It’s time for us to admit it: Being “judgmental” is actually necessary to being a person of faith.
Just be really, really careful (and humble) about it.
Odd timing for a post on judgment, I know, since we just finished Christmas and I’m presently sitting in perhaps the last place on earth that you would consider nasty things like “judgment.” (That place being Hawaii).
But in the peaceful early morning hours here in Waikoloa, listening to Mumford and Sons and sipping my Kona coffee, I came across this article in USA about some comments that Bill Maher made about Tim Tebow following their recent loss to Buffalo.
I’ve shared my opinion of Tebow and Maher to others before—and in case anyone’s curious, I don’t deify or demonize either of them. I know this is a bit like comparing apples to Slip n’ Slides, but I’ve found Maher to be both hilarious and needlessly-offensive (I’m not necessarily against someone being offensive if it makes a point)— and I’ve found Tebow to be both annoying and refreshingly sincere. If there is a comparison to be made, they are both in many ways poster children (and caricatures) for the two “sides” of the so-called “culture wars.” But none of this is the point I want to make.
My two main concerns are: a) do I have a right to say the things I just said about Tebow and Maher?…. and b) is a Christian called to “not judge”?
The comments of the above-mentioned article feature a man who says that Maher is “evil, vile, and mean spirited” and defends Tebow…then several people proceed to call the man out as a hypocrite (and many proceed to name-call right back). Such scenes have become about as common on the Internet as Youtube videos of laughing babies and tweets about the newest Apple gadget… and I sure most of you reading this are as tired of them as I am…. but I think a point of clarification needs to be made about what “judgment” is and isn’t.
Really, the metaphor of judgment from a faith perspective has two meanings: Drawing conclusions that lead to making decisions, and declaring someone or something guilty or not guilty. This distinction is CRITICAL… one is about having a critical conscience; the other is about claiming the position reserved only for God. We need to get away from just calling people “good” or “bad” altogether, because this is too vague. We need to distinguish actions and events from what God sees—information that is inaccessible to us.

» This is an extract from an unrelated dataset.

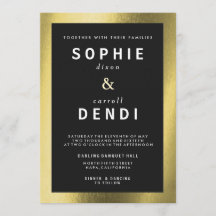 Gold Foil Wedding Announcement Invitation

If we never “judged” (in regards to the first meaning) then Christians would have no right to conclude that any atrocity or act of injustice is wrong. We wouldn’t be able to say much about anything, really. The fact is, making evaluations about events, situations, actions, etc. are necessary components of having a faith that actually claims to make a difference in the world. And I think that that goes all the way down to the level of me not being out of line to make comments about Maher and Tebow, based on what they have said and done in the past, in the public sphere….
Of course, that doesn’t mean that we are not responsible for the statements that we make, and how we make them. If you make incendiary remarks, you’ll have to live with the consequences of them.
But we also often talk as if the “judgment” of God has already happened… and the Scripture makes clear that it HASN’T. We speak of a “final judgment,” or of a declaration of someone as “evil,” as if it is a permanent and absolute state, a foregone conclusion. But no one is “good” or “evil”—at least not perfectly. We are all beautiful and broken, creations of God, constantly permeated and surrounded by selfishness and fear. Our actions, thoughts, etc. can nurture either our beauty or the distortion of it—but neither side ever completely, utterly, disappears without a trace. All a radical bifurcation between “good people” and “evil people” ever does is serve to justify treating so-called “evil people” as less than human, less than a creation of God… which typically serves the interests of those in power, more so than God.
So Christians have a responsibility to “make judgments”… but to do so while taking as much information into account as possible, being aware of their own inherent biases and knowing that the “whole story” is always elusive to us. We can and must make “judgments” based on actions and events, but we cannot presume to know people’s inner state as somehow “good” or “evil,” and we cannot place ourselves on the throne of judgment, which has been reserved for Christ, who had a habit during his earthly ministry of “making judgments” that were precisely the opposite of what people expected.